Endlich stand ich auf der Höhe vor der Pabstburg. Jeder hat sich wohl einmal gedacht, welchen Eindruck es auf ihn machen würde, wenn er plötzlich vor den ägyptischen Pyramiden stände. Ebenso würde er von furchtbarer Größe befangen sein, wenn er den päpstlichen Burgpalast in Avignon sähe. Es ist nicht blos die größte Burg in der ganzen Welt, sondern riesenhaft und eigenartig in allen Verhältnissen zugleich. Sie sieht wie eine Ruine aus, und doch haben noch jetzt mehre tausend Mann mit Pferden und Kanonen darin räumig Quartier.
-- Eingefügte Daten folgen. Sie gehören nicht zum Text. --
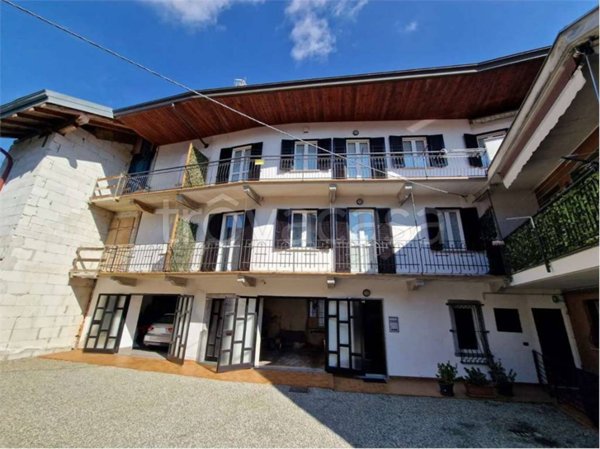 casa indipendente in vendita a Briga Novarese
Man denke sich als Wände eine Reihe breiter himmelhoher Thürme dicht zusammengestellt, darüber erheben sich andere Thürme und Plattformen, und ringsumher ziehen sich klafterdicke Mauern, und durch die tiefen Thorwölbungen darin sieht man auf weite finstere Höfe. Man hat nur die Vorstellung einer weithindrohenden, weithingefürchteten Gewalt.
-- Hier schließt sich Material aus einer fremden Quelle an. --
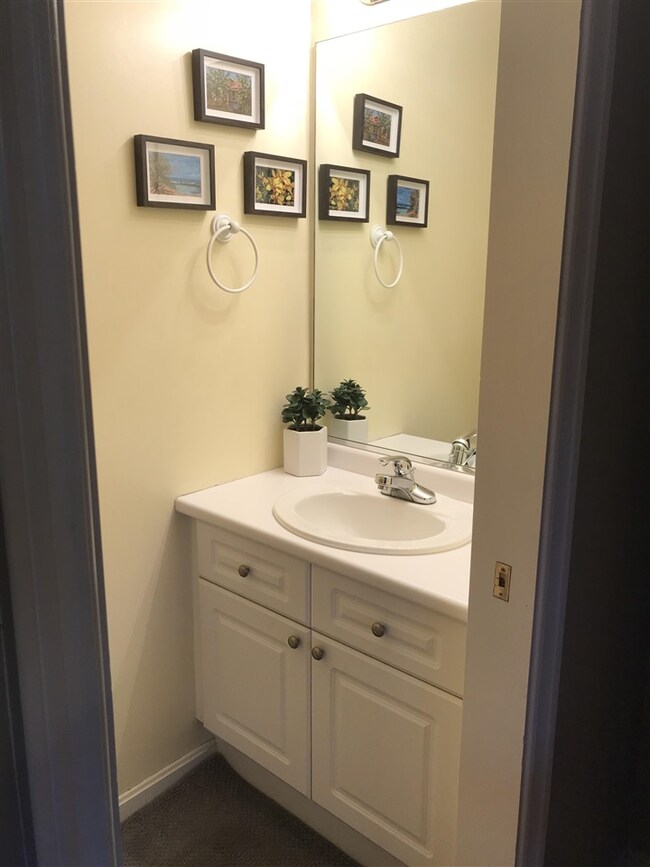 40 Barrington Ave unit U404, Nashua, NH 03062 - photo 7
Der Palast wurzelt auf dem breiten Rücken eines Felsens, welcher fast nach allen Seiten jäh abstürtzt. Von dem Rande dieser Anhöhe, wo jetzt Bäume kühlen Schatten geben, sieht man weit, weit den Rhone hinauf bis nach Oranges. Unten um den Felsen schlingt sich im Halbkreise die alte seltsame Stadt mit ihren zahlreichen Thürmen und Schlössern, und ringsum starrt die mittelalterliche Stadtmauer. Ihren Fuß bespült der strömende Rhone, große und kleine grüne Inseln in seine Arme fassend; weiter unten fließt die Durance schimmernd mit ihm zusammen. Gegenüber thürmen sich breit und groß die Festungswerke von Ville-Neuve, das eine über das andere, und darüber noch das hohe Fort von St. André. Hellgrün dehnt sich nach allen Seiten die Ebene, in der Ferne blaue Berge, der Rhone glänzt wie eine Kette schmaler Seen, kaum bemerkt man darauf die Rauchfahnen der kleinen Dampfschiffe.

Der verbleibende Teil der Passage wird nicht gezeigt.